* [What is being asked] Transcribe exactly, and only, the lines from the one with "More Photos Of" through the end of the records below, including both of those lines. Skip all pictures.
□ □ □ □ □
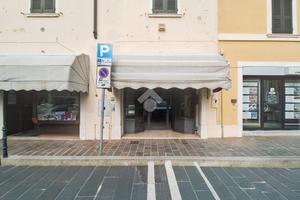 NEGOZIO A VEROLANUOVA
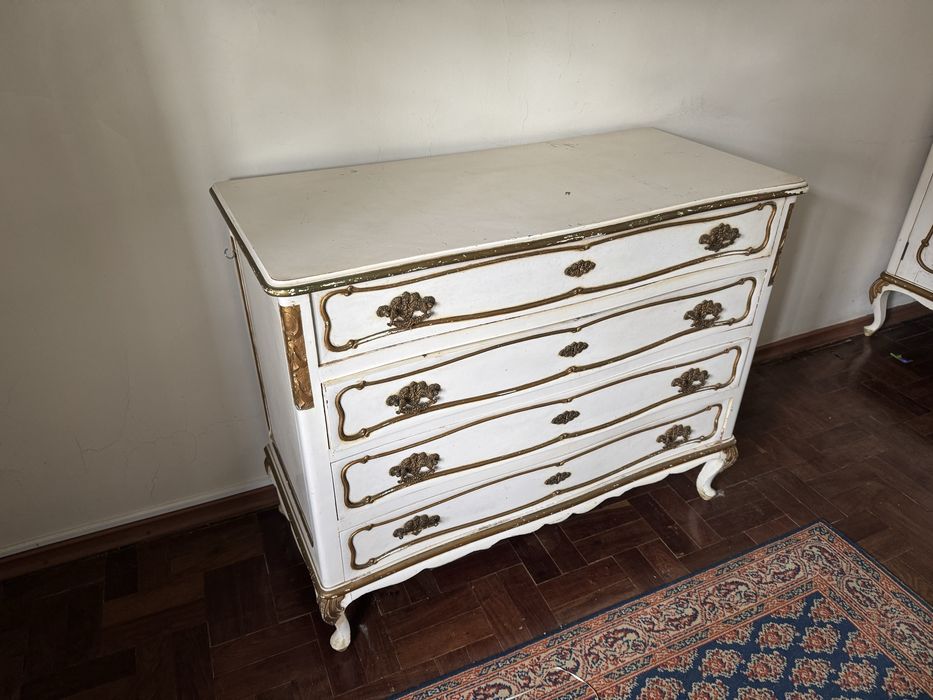 Cama, cómoda e roupeiro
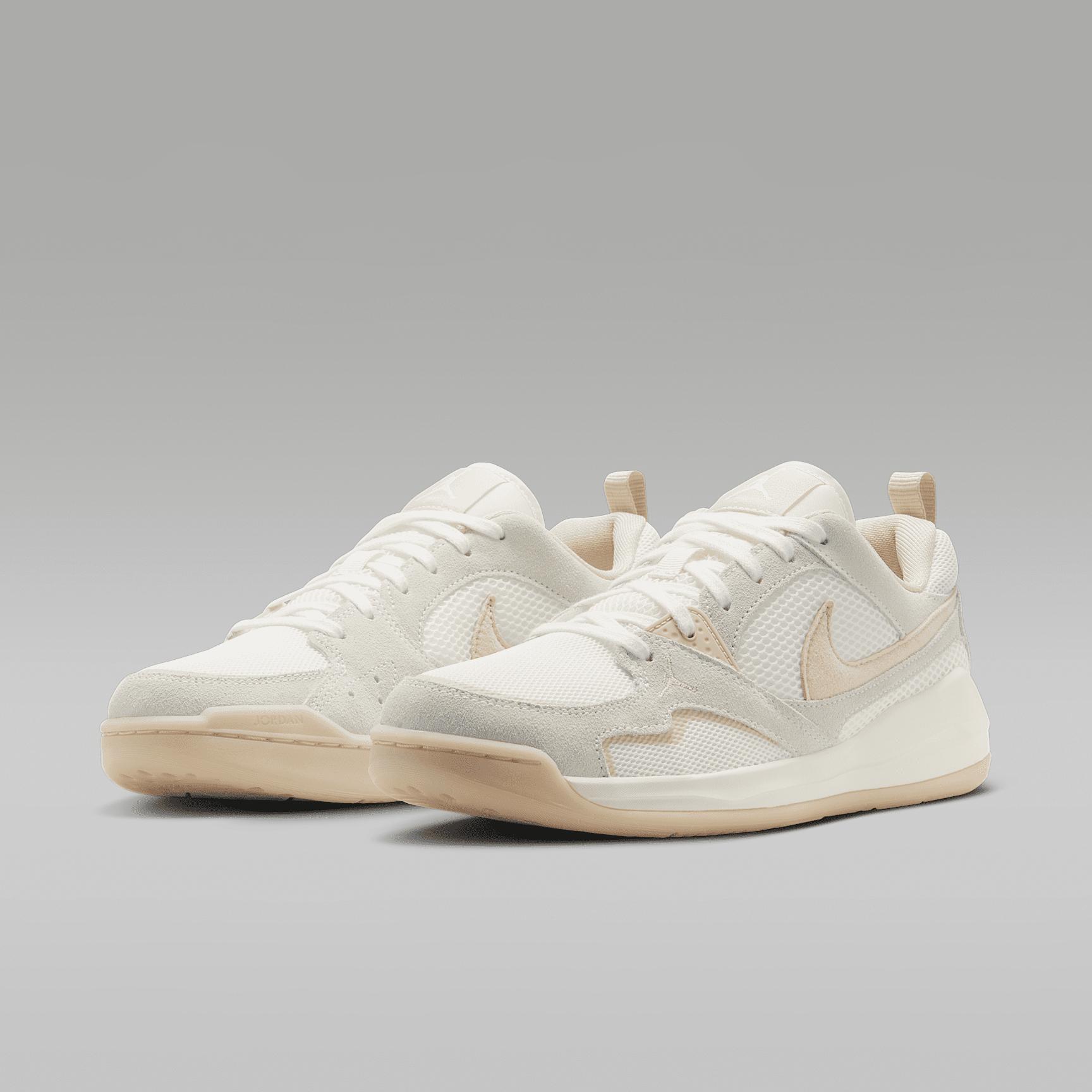 Jordan CMFT Era Women's Shoes Product Image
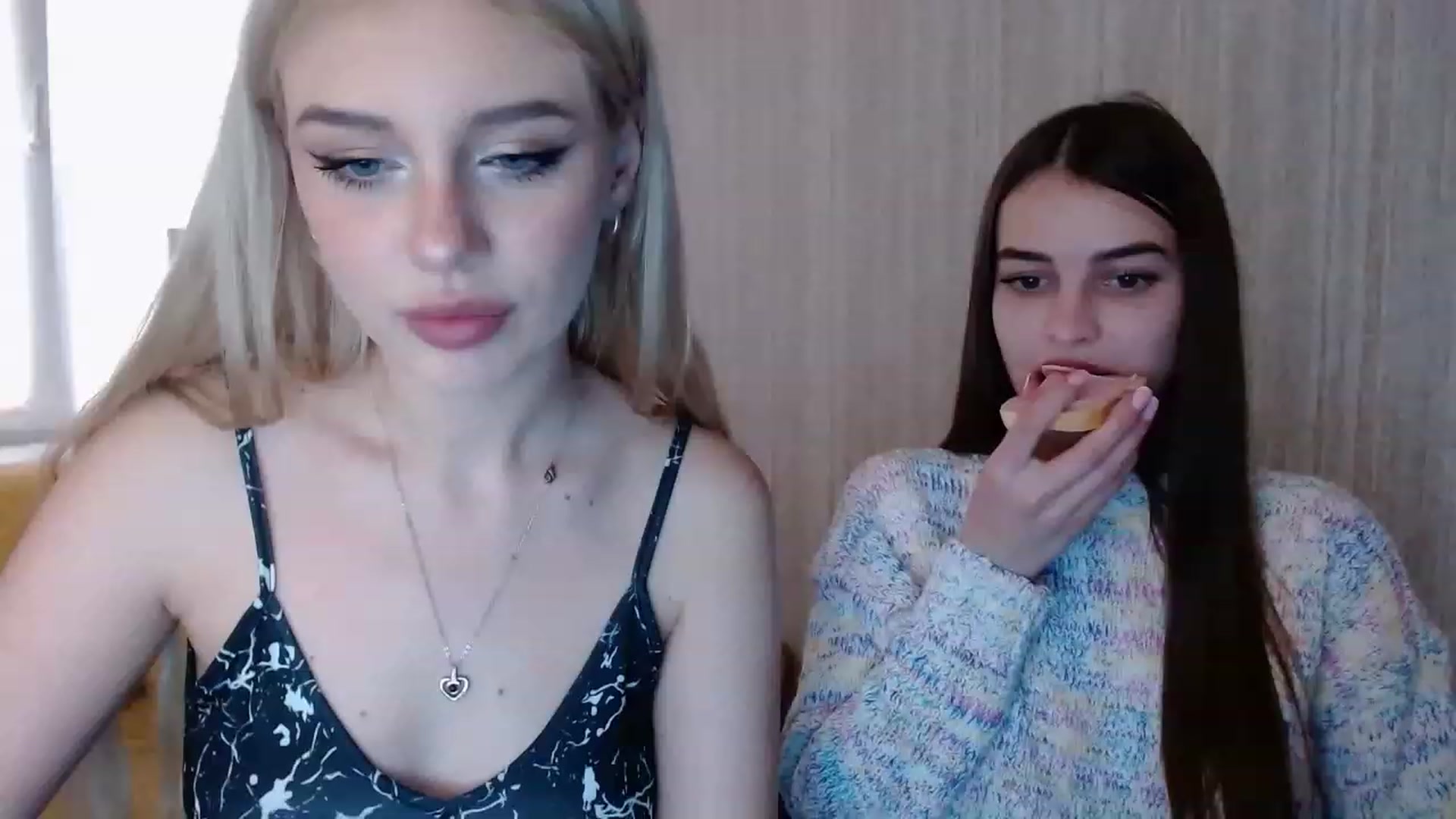 Gallery image thumbnail from Ririma_xo's myfreecams stream on, 11/22/2022, 10:23 image 5 of 20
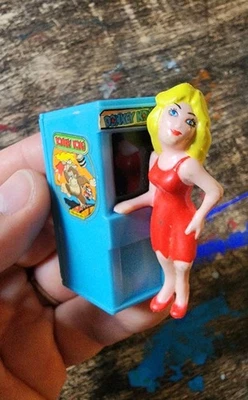 "Figura de juguete Coleco Donkey Kong Pauline de segunda mano juego arcade Nintendo 2,5"" de colección" Foto 1 de 4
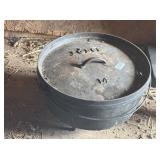 LODGE CAST IRON POT WITH LID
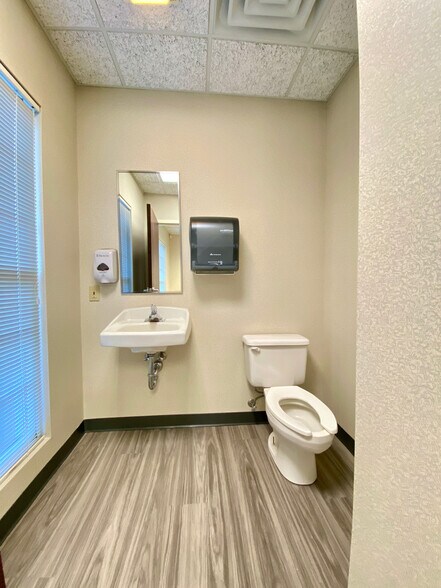 More Photos Of 1107 Statesville Blvd, Salisbury Medical For Lease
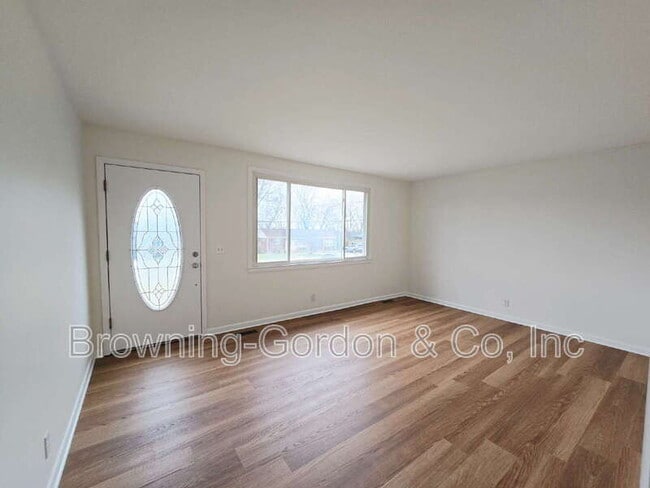 Building Photo - 241 Bonnacroft Dr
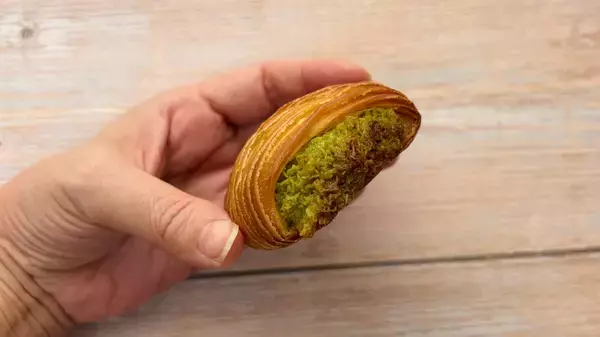 行列ができるのも納得だ…！話題の「ドバイチョコパン」をTruffleBAKERYで頑張ってGET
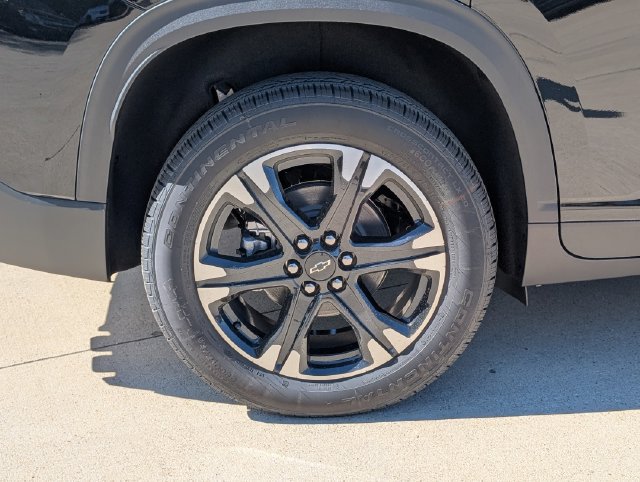 New 2027 Chevrolet Traverse LT w/ Sun and Wheel Package FWD image 3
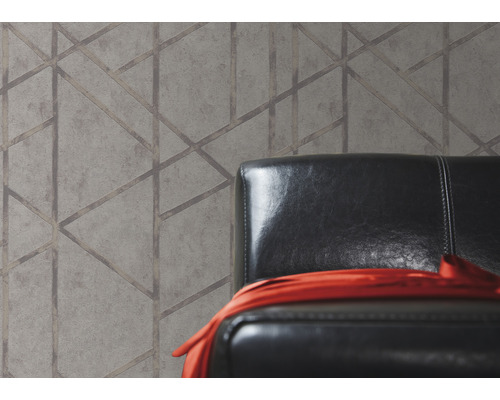 Tapete mit geometrischem Muster und Sessel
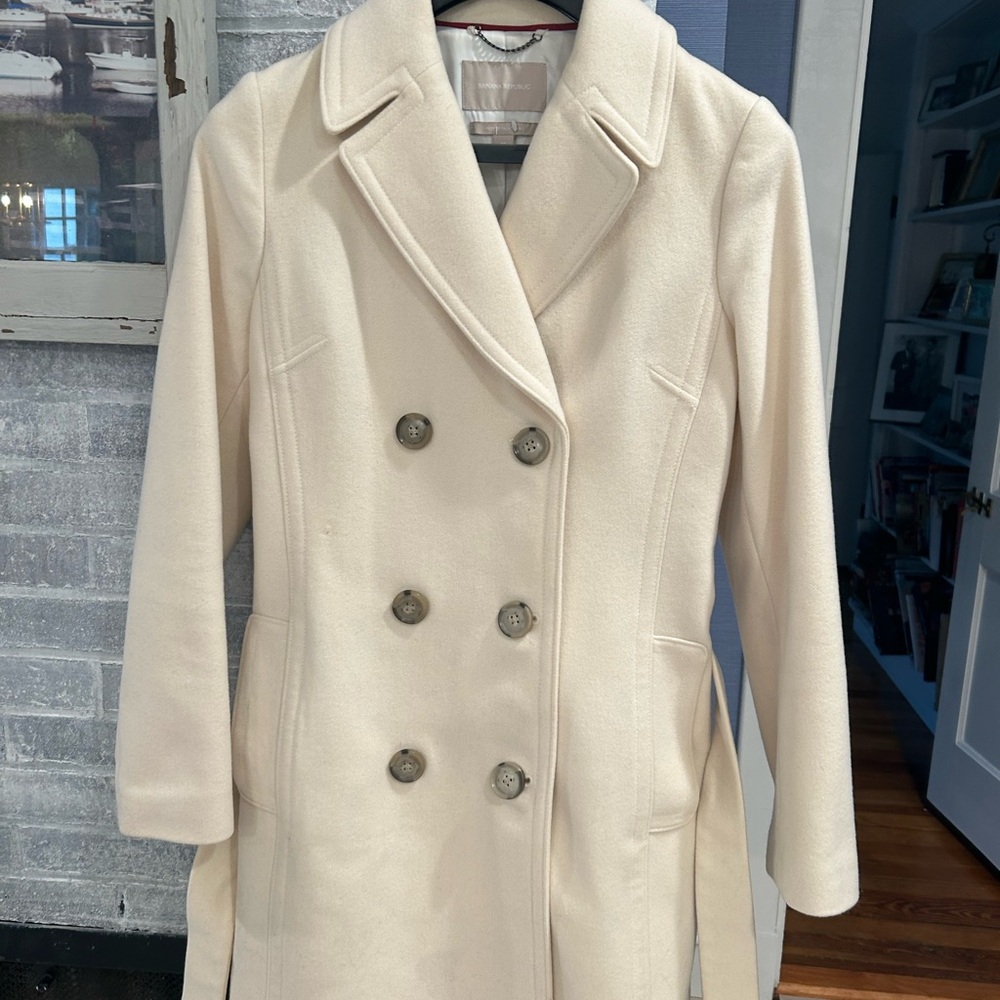 Banana Republic winter white, size medium, wool, belted.  Wore 5 times.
□ □ □ □ □
* [Exercise answer]
 More Photos Of 1107 Statesville Blvd, Salisbury Medical For Lease
 Building Photo - 241 Bonnacroft Dr
 行列ができるのも納得だ…！話題の「ドバイチョコパン」をTruffleBAKERYで頑張ってGET
 New 2027 Chevrolet Traverse LT w/ Sun and Wheel Package FWD image 3
 Tapete mit geometrischem Muster und Sessel
 Banana Republic winter white, size medium, wool, belted.  Wore 5 times.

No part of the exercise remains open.